To be curious about such matters would keep many a man entertained for an evening. Some people are so much in love with their curiosity that they object even to having it satisfied too quickly with an obvious explanation. We have an instance of this in a pleasant anecdote about Democritus, which Montaigne borrowed from Plutarch. Montaigne, who substitutes figs for cucumbers in the story, relates:

"Democritus, having eaten figs at his table that tasted of honey, fell presently to consider within himself whence they should derive this unusual sweetness; and to be satisfied in it, was about to rise from the table to see the place whence the figs had been gathered; which his maid observing, and having understood the cause, she smilingly told him that he need not trouble himself about that, for she had put them into a vessel in which there had been honey.

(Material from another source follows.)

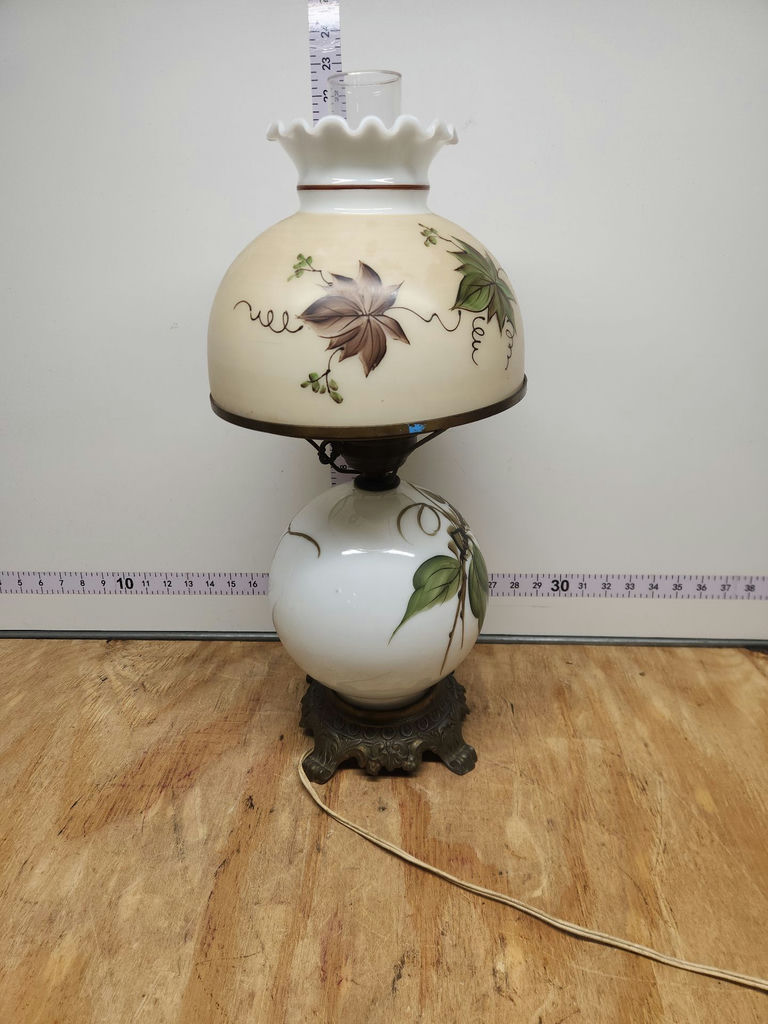 'Gone With The Wind' Lamp - image 8 of 12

He was vexed that she had thus deprived him of the occasion of this inquisition and robbed his curiosity of matter to work upon. 'Go thy way,' said he, 'thou hast done me wrong; but for all that I will seek out the cause, as if it were natural'; and would willingly have found out some true reason for a false and imaginary effect."

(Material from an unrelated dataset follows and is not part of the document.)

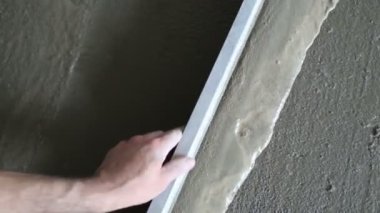 İşçi beton zemin kaplaması yapma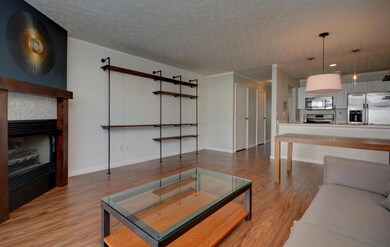 Living Room (4)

The novel-reader who becomes furious with someone for letting him into the secret of the end of the story is of the same mind as Democritus. "Go thy way," he says in effect, "thou hast done me wrong." The child protests in the same way to a too-informative elder: "You weren't to tell me!" He would like to wander in the garden paths of curiosity. He has no wish to be led off hurriedly into the schoolroom of knowledge. He instinctively loves to guess. He loves at least to guess at one moment and to be told the next.

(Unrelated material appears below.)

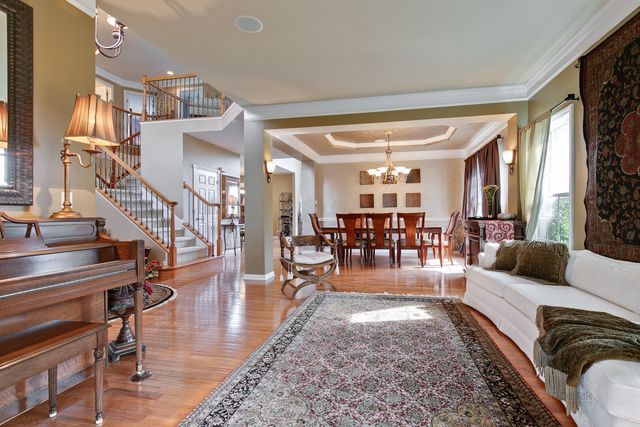 10 Eagle Ridge Drive, Hawthorn Woods, IL 60047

The greater part of human curiosity has as little to be said for it--or against it--as a child's whim. It is an affair of the senses, and an extraordinarily innocent one. It is a vanity of the eye or ear. It is another form of the hatred of being left out. So many human beings do not like to miss things. We saw during Saturday's aeroplane raid how far men and women will go rather than miss things. Thousands of Londoners stood in the streets and at their windows and gazed at what seemed to be the approach of one of the plagues of Egypt. No plague of locusts ever came out of the sky with a greater air of the will to destruction. It was as though the eastern sky were hung with these monstrous insects, leisurely hovering over a people they meant to destroy. They had the cupidity of hawks at one moment. At another they had the innocence of a school of little fishes. Shell-smoke opened out among them like a sponge thrown into the water. It swelled into larger clouds monstrous in shape as the things doctors preserve in bottles. But the plague did not rest. One saw a little black aeroplane hurry across them, a mere water beetle of a thing, and one wondered if a collision would send one of them to earth with broken wings. But one did not really know whether this was the manoeuvre of an enemy or the daring of a friend. There was never a more astonishing spectacle. A desperate battle in the air would have been less of a surprise. But that there should have been nobody to interfere with them! ... Yes, it was certainly a curious sight, and London was justified in putting its head out of its house, like a tortoise under its shell, till the bombs began to fall. Still, the more often they come the less curious we shall be about them. A few years ago we gladly paid five shillings for the pleasure of seeing an aeroplane float round a big field. There is a limit, however, to our curiosity even about German aeroplanes. Speaking for myself, I may say my curiosity is satisfied. I do not care if they never come again.